El amarillo helado de esa mañana de invierno inundaba las callecitas y le daba el marco propio a las palabras que sonaban musicales. - ¿Pero no les parece un poco osado, digo… atrevido? No sé… ¿hacerse a la fuerza de una casa…?-seguí diciéndole.
-¡El pueblo se atreve y si no, muere! -me declamó aquella vez, adivinando que tocaba mi fibra más íntima.
Por fin viene el bondi, me digo aliviada,  y detengo la máquina de los recuerdos, en la que quedan resonando esas últimas palabras pronunciadas por él aquella mañana. Miro la hora en el celu, y cuando levanto la vista lo veo de nuevo a Carlitos que pasa como un tornado y me dice:
- Yastá, no hay más tiempo, será el viernes a la tarde. Acuérdese, ¡no nos falle!

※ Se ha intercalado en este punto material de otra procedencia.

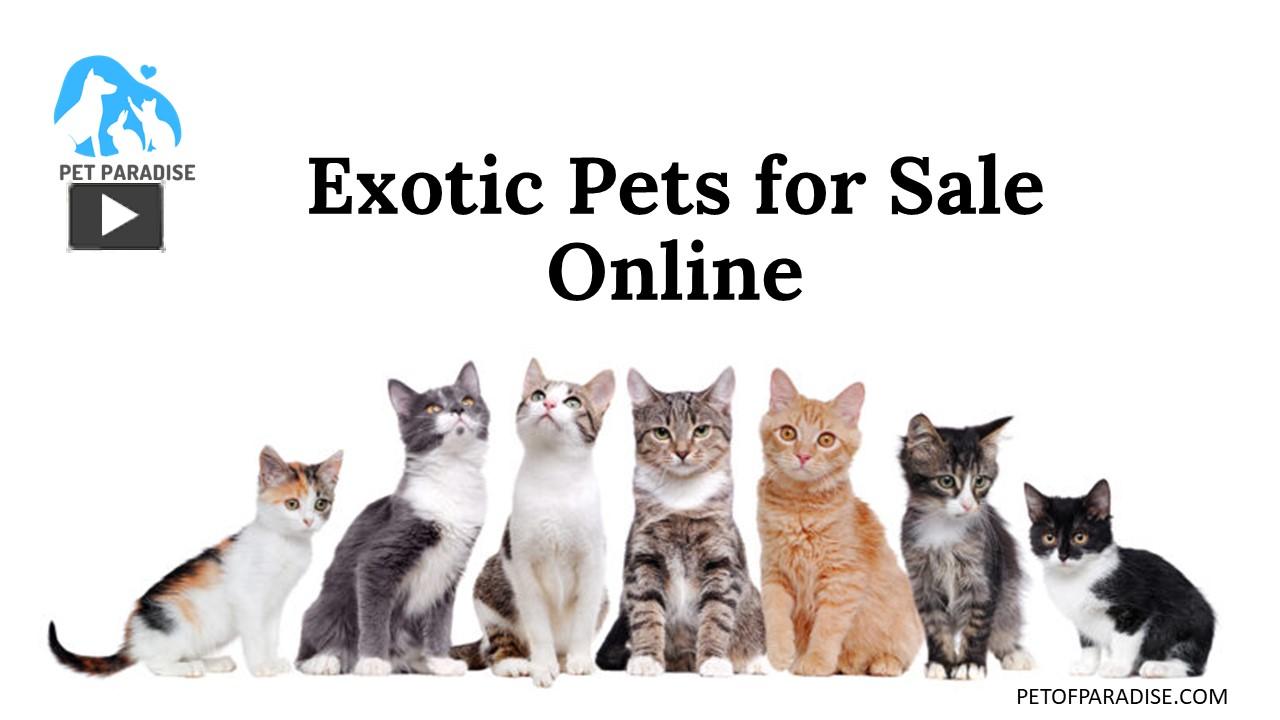 PPT Finding to Buy Exotic Pets Online Pet of Paradise PowerPoint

Lo escucho subiendo al primer escalón del colectivo. Una adolescente me empuja a seguir y no puedo mirarlo. Ya en el interior me agacho para verlo por la ventanilla, allá va… corriendo, eléctrico. Se fue y no pude contestarle nada. ¿Qué le hubiera dicho?

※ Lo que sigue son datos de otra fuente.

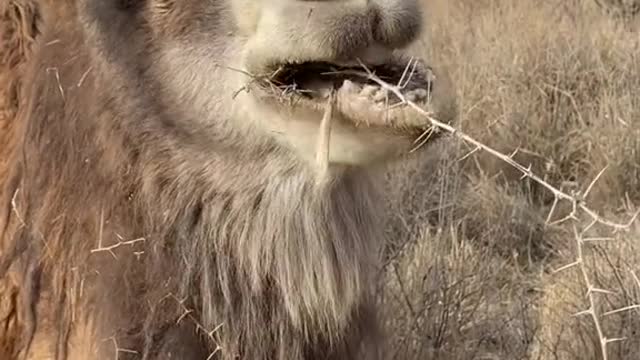 Breakfast for camels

Paso la semana, otra más igual a la anterior y a la que vendrá. Los viernes siempre tengo un espíritu festivo, me gusta planear alguna salida. Pero está empezando a llover y hace mucho frío. Voy caminando hacia mi casa y empiezo a escuchar los tambores. Inmediatamente me vienen las imágenes de las chicas bailando la coreografía, cuatro adelante, marcando los movimientos de derecha a izquierda, dos atrás en la segunda hilera, acentuando el paso, y tres chiquitos que hacen piruetas alrededor. Más atrás Carlitos con su gran galera brillosa, el bastón y el frac, con los colores del club del barrio, moviéndose sinuoso, extendiendo amplios los brazos, dando vueltas al ritmo carnal y penetrante de la murga, abriéndole paso a la columna de tambores que se agita tras él. Sigo derecho a mi puerta, paso por el kiosko de diarios, el barcito de la esquina y la librería cerrada, todo como siempre. Pero dentro de mí asoma algo que me inquieta, como un insecto rompiendo el  minúsculo huevo que lo contenía.

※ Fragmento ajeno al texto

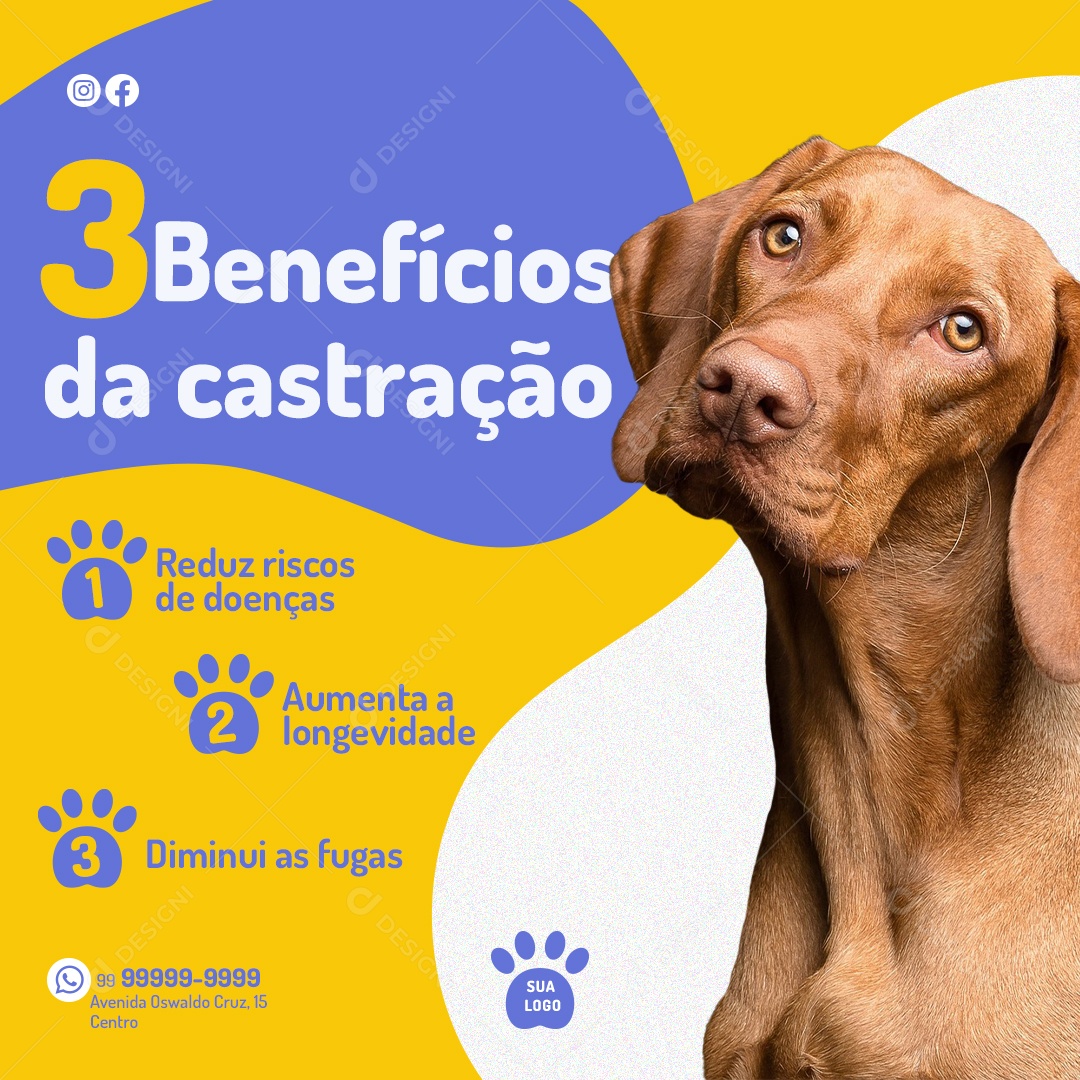 Os 3 Benefícios De Castração Para O Seu Pet Social Media PSD Editável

 “El espíritu, yo sé lo que es, bah, yo lo pienso así” le  había dicho a Walter la otra tarde tomando mate y charlando de  literatura, “son pequeños desprendimientos del cuerpo que vas guardando, junto con insatisfacciones a las que te resignaste a medias,  pedacitos de imágenes sin tiempo ni lugar,  hilachas de recuerdos, eso es el espíritu, está hecho de esos restos”.
”Como si fuera una bolsita de basura de la que no te podes deshacer hasta el minuto en que te morís, ahí la dejas”, me contestó, y chupó de la bombilla con lentitud.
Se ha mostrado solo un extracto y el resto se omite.